Sara Beam’s Laughing Matters convincingly and productively refines our understanding of the relationship between the comic theatre and political culture of early modern France. Starting from the premise that “laughter can function as a litmus test of shifts in people’s ideas about themselves and the political culture in which they live” (2), Beam argues that “the gradual demise of satirical farce was not the product of absolutism but one of its central constituents” (4). Beam seeks to revise the widely accepted timeline of the decline of French farce, claiming that it preceded and directly contributed to the triumph of absolutist discourse. To support [End Page 664] her claim, she draws on a prodigious array of city council and royal court documentation, play texts, pamphlets, ledgers, and memoirs from the period.

Taking her cue from this evidence, which reveals loose and at times overlapping distinctions between theatrical genres of the period, Beam uses the term “farce” to refer to all French comic theatre of the fifteenth and early sixteenth centuries. For Beam, the suppression of French farce occurred during two stages: first, the devastating Wars of Religion (1562–98) between Catholics and Huguenots; and second, the reign of Henri IV (1589–1610), whose Edict of Nantes granted religious freedoms to Protestants and ended the wars. These two transitional stages form the heart of Beam’s book and announce the author’s attention to religious influences on the rise of absolutism. In this way, Beam explicitly distances her argument from that of sociologist Norbert Elias, who proposed the now commonplace idea that the driving force behind French absolutism was the court culture of Versailles. By contrast, Beam stresses that the various components of absolutism, particularly theatrical censorship, required collusion and enforcement by religious and urban political officials.

The book’s first chapters explore farce players’ contributions to the public sphere prior to the Wars of Religion. These farce players were predominantly young men of means who performed comic theatre not just to challenge the honor of their social superiors, but also to gain honor for themselves. Beam demonstrates that farce permitted these men, usually students and law clerks, to insist on their place in the body politic. According to the early modern political theory of the king’s two bodies, the body politic consisted of the king as its head and his subjects as its organs and limbs; the head ruled over the body, but could not survive without it. Thus by gently mocking local officials and staging comedies in honor of visiting monarchs, farce players and the festive societies they belonged to reminded the political head that it was supported by, and dependent upon, the body.

The next chapters trace rising tensions between Catholics and Protestants and the concomitant crackdown on farce: “Fearing that festive societies’ performances might spark religious riots and undercut the Catholic faith, city officials throughout France outlawed farce in the 1560s” (140).

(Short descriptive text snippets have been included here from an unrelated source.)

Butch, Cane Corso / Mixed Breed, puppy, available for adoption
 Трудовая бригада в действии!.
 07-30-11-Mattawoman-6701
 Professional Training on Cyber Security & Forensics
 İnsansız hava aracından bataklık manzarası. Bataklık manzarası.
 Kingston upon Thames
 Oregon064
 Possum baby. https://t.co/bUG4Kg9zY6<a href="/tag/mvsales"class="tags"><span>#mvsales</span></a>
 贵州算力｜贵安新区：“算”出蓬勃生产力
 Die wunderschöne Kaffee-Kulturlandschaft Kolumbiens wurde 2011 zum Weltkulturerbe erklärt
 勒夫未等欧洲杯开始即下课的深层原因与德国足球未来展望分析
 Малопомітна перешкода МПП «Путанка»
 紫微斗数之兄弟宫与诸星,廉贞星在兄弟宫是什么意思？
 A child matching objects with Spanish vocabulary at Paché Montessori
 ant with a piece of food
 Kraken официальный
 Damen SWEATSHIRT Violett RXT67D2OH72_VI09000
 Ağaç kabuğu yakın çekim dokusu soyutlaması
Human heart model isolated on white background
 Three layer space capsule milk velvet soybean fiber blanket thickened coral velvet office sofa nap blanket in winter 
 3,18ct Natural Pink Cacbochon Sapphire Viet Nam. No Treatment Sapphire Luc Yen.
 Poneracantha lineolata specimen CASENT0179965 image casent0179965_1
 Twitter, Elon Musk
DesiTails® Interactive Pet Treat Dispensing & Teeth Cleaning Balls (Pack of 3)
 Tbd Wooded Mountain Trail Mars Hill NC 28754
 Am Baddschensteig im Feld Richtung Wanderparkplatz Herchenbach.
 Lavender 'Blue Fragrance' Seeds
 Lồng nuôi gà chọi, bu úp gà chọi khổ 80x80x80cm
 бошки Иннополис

To an extent, it was the cultural prominence of students and law clerks—the very prominence that had protected their farces from censorship in decades prior—that necessitated the regulation of their comedies in such tumultuous times. Here, Beam emphasizes that censorship originated not with the French kings, but with the local officials confronted every day with “the realities of urban violence” (141).

The final chapters detail the replacement of amateur festive societies by professional actors and the emergence of neoclassicism in the seventeenth century. Critical for Beam is when during the seventeenth century this occurred: “[t]he marginalization of farcical theater highlights that the shift toward public deference to the monarchy and civility took place, even in the provinces, as early as 1600” (209). The shift in public interest from farce to neoclassicism was not imposed by the absolutist monarchy; it was, rather, one of the preconditions for that absolutist monarchy to exist. Amateur theatre did persist, of course. Jesuits continued to mount student theatrical productions, but such plays served primarily as a...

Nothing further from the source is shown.